ARTICLE
20 May 2013

Avoiding Family Disputes

With a little forethought and tact, challenging family issues can be resolved before they escalate into real problems.
United Kingdom Wealth Management

With a little forethought and tact, challenging family issues can be resolved before they escalate into real problems.

No family is perfect. Even in the most harmonious situations there are bound to be times when misunderstandings occur, members of different generations disagree or challenging issues arise.

Although individual family members may have conflicting views, most will share a common aim: to decide what course of action is best for the family and work together to achieve it. By remembering this, and by following a few straightforward guidelines, many quarrels can be dealt with before they become major problems.

  • Consider allocating different advisers to different members of the family, so each person feels they have someone to act as their advocate. This is particularly helpful for younger members, who need an adviser reasonably close to them in age and outlook.
  • Appoint a trusted person from outside the family to chair family meetings. People will feel freer to speak honestly.
  • Don't try to resolve difficult issues in a family meeting. Allow the person's view to be heard, briefly, but then take the issue into a private environment to prevent exchanges becoming too heated.
  • When a serious situation arises, such as a member of the family suffering from an addiction, consider requesting that a trusted adviser talk to the individual rather than relying on the head of the family to do so. This enables family relations to remain cordial, while the issue itself is tackled effectively.

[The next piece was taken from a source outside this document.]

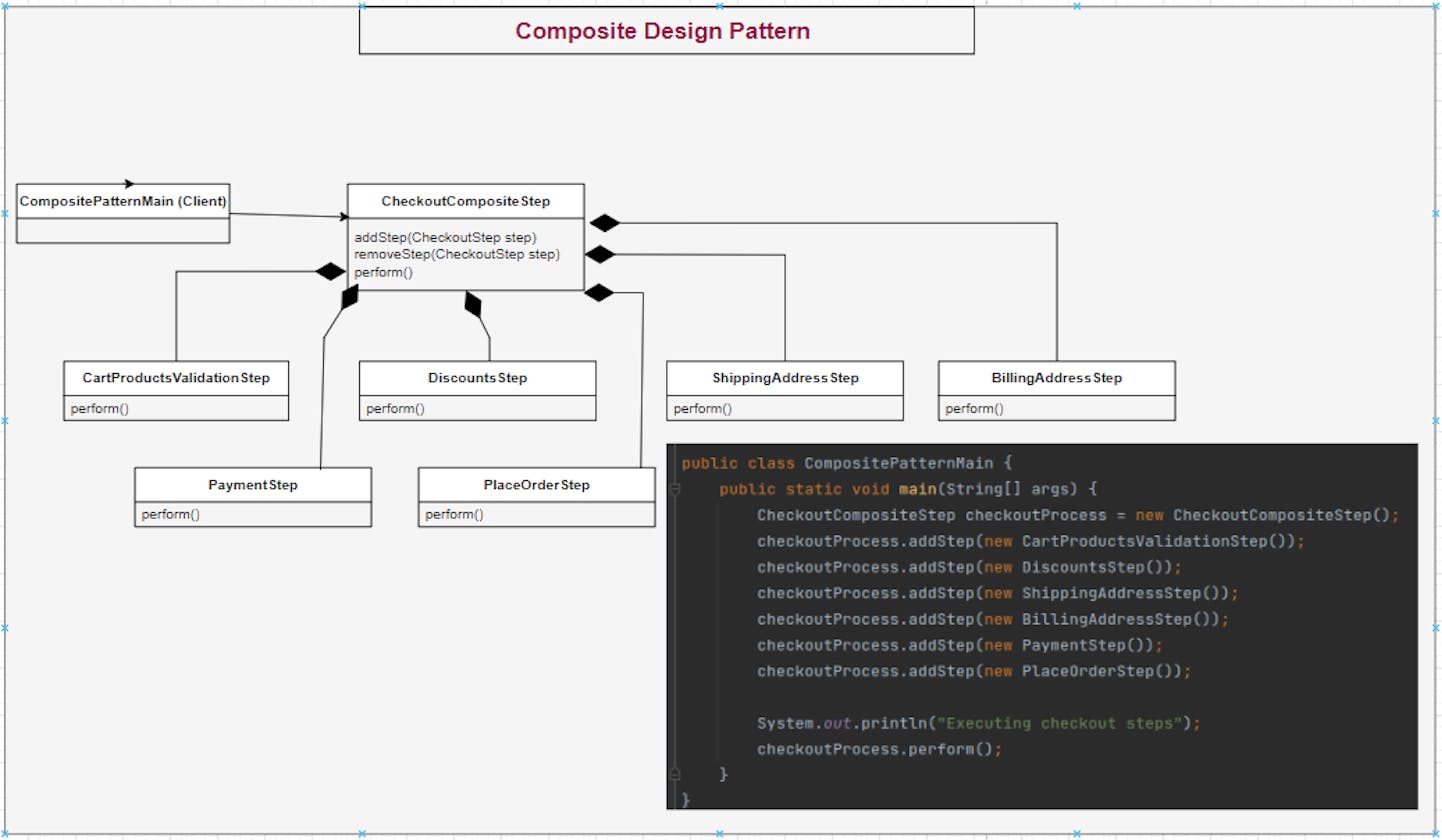 composite pattern - Java - Explained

"Your advisers have a key role to play in ensuring good communications within the family," says Chris Kenny, director at Smith & Williamson. "They should devote plenty of time to getting to know the history of the family and all its members, to help them anticipate issues and manage them appropriately."

Your advisers should be skilled at helping individuals understand the likely consequences of a particular course of action, and its impact on the wider family. They should be prepared to mediate where there are difficult personal circumstances – such as where different branches of the family do not get on but are joint beneficiaries of the same trust. And areas such as succession planning, which are a common cause of disputes, must be handled with sensitivity and tact, to ensure all parties are comfortable with the outcome.

The content of this article is intended to provide a general guide to the subject matter. Specialist advice should be sought about your specific circumstances.